Valerie Vander Berg: Is Seafood Safe?
Brian Kelly Photography
HER CHALLENGE
Valerie, a self-described sushi addict, used to serve a lot of seafood at home until an innocent airport bookstore purchase
changed everything. “I learned that what I was eating wasn’t healthy for my family or the earth,” she says of her take-away
from reading Jonathan Safran Foer’s Eating Animals. The book aroused concerns about the conditions of farmed fish and sustainability, so the family cut back their fish consumption
from twice a week to twice a month. “Sustainable, ecofriendly fish cost a lot more than the six-dollar bag of shrimp from
who knows where,” she says.
OUR ADVICE
The only way to sort out seafood sustainability is to find ways to make it simpler.
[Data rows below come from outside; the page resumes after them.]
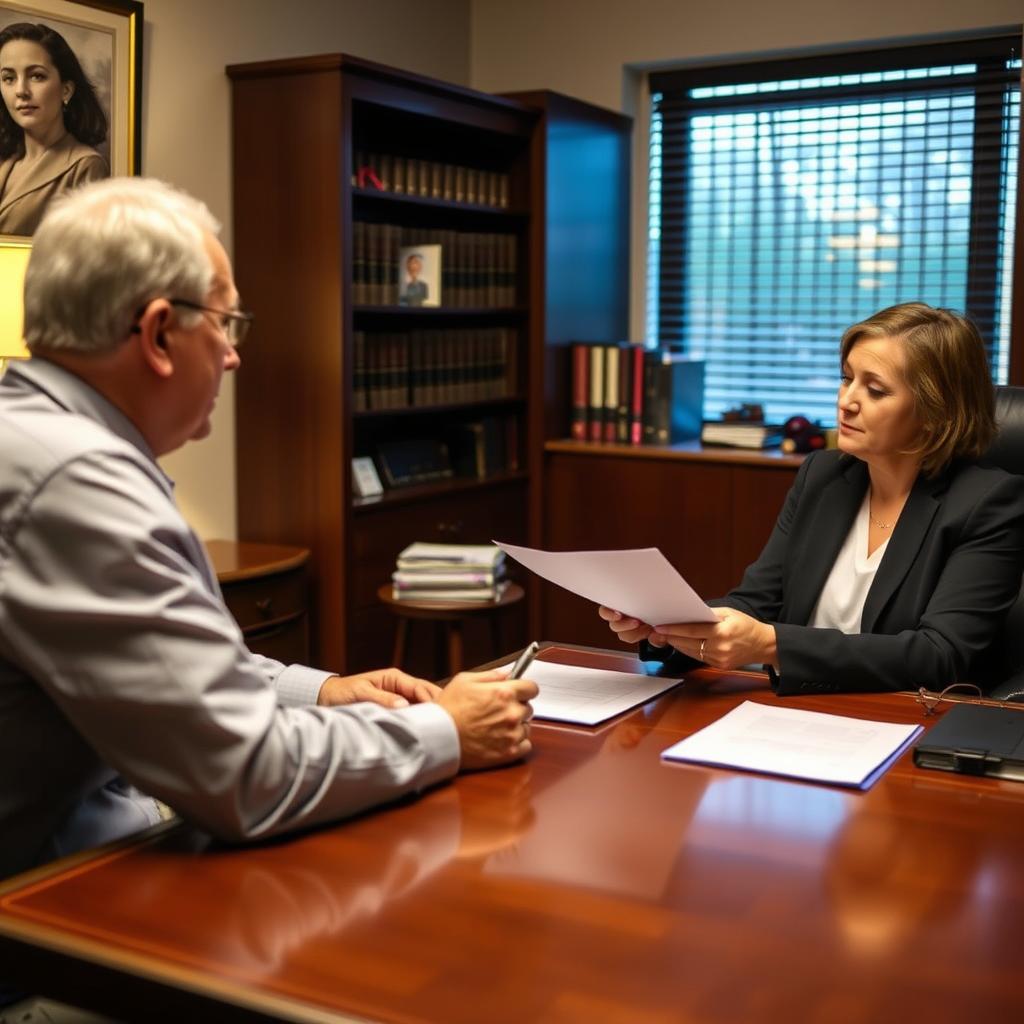 Debt Collection Lawyer Louisa County, VA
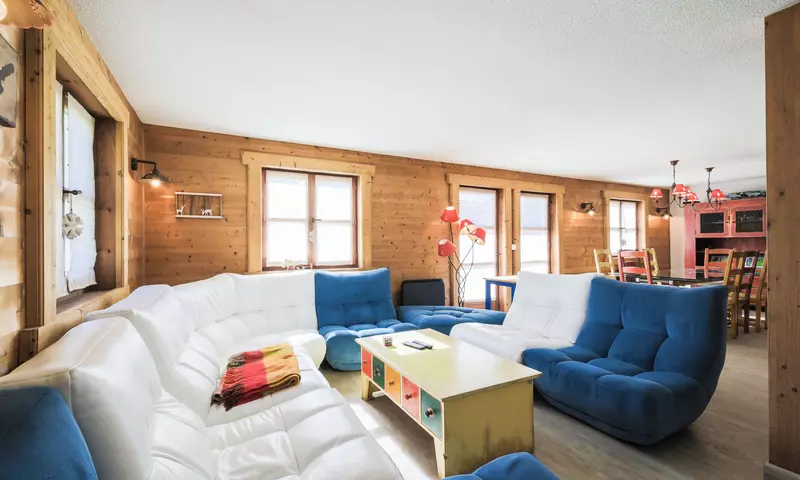 Chalet 7 Pièces 14 Personnes - Prestige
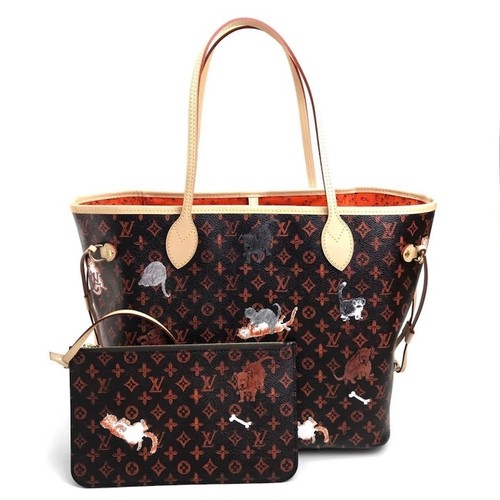 Borsa tote louis - louis, vuitton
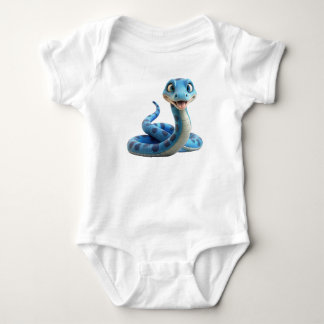 Cute Snake T Shirt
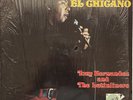 Tony Hernandez and The Latinliners “El Chicano” Tejano Tex Mex Record Lp
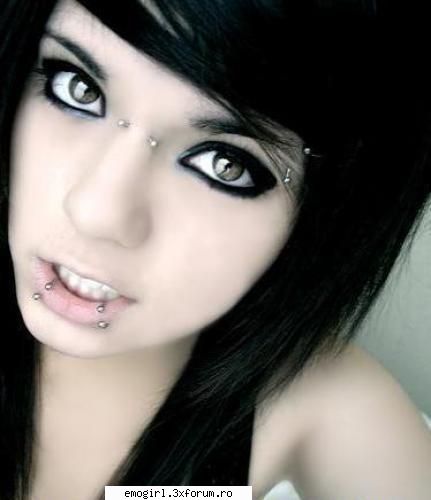 bad.... emo girls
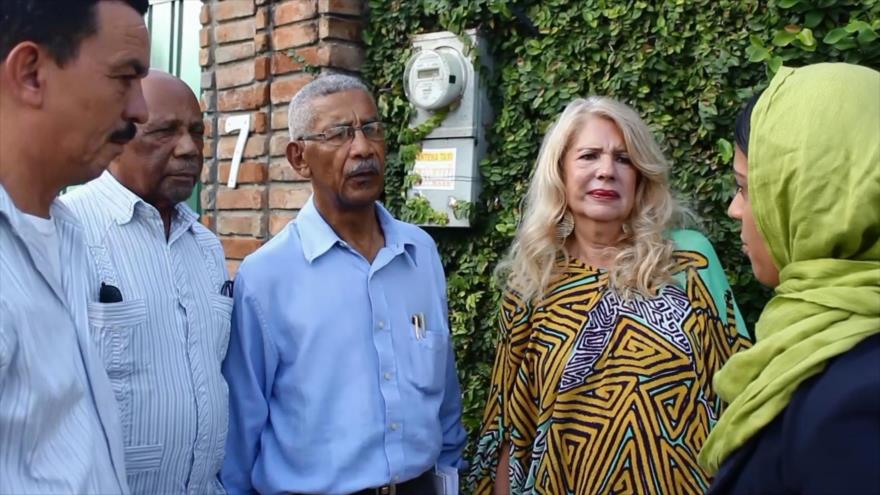 Dominicanos condenan ataques del régimen israelí en Gaza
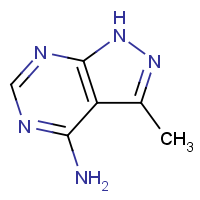 CAS: 5399-44-0 | OR303141 | 3-Methyl-1H-pyrazolo[3,4-d]pyrimidin-4-amine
Luckily, there are lots of them.
- Let Cooking Light help. Look for our green fish icon in each issue. It lets you know a recipe calls for fish or seafood with healthy populations
that are caught (or raised) by environmentally friendly means. We also provide sustainable substitutions in case the recipe’s
recommended fish isn’t readily available.
- Keep knowledge on hand. Download the free Monterey Bay Aquarium Seafood Watch app, and know instantly before you buy or eat if a fish is ecofriendly. No smart phone? Visit montereybayaquarium.org to download a printable pocket guide that’s keyed to your region so you can choose the ecofriendliest seafood. The guides
are updated every six months.
- Be sushi smart. Good news for Valerie and other sushi hounds: The Monterey Bay Aquarium phone app features a sushi guide, too. Both versions
alert you to fish that might have high levels of mercury, PCBs, and other contaminants. And there is a movement among sushi
chefs to emphasize sustainable fish: Seek out such chefs, and reward them with your business.
- Be label literate. Many seafood sellers are working to raise awareness about the need for sustainable, ecofriendly fishing and the importance
of not purchasing seafood on the endangered list. That’s great, but it does have one downside: a glut of ecolabels that can
make for confusion at the seafood counter. When you’re grocery shopping and you’ve forgotten your Monterey Bay Guide, look
for these two labels: Marine Stewardship Council and Friend of the Sea. Fish and seafood with these labels come from certified
sustainable and well-managed fisheries.
- Branch out. Most people fall into a habit of selecting only familiar fish varieties. If your favorite is on the “avoid” list or you’re
just looking for something new, use the pocket guide or phone app to find better choices.
- If in doubt, make another choice. Generically labeled fish, such as “tuna,” may be sustainable or may be an endangered species or from overfished waters. Read
the label for species type, and where, when, and how it was fished or raised. If that information is not there, look for a
more ecofriendly option that is clearly labeled.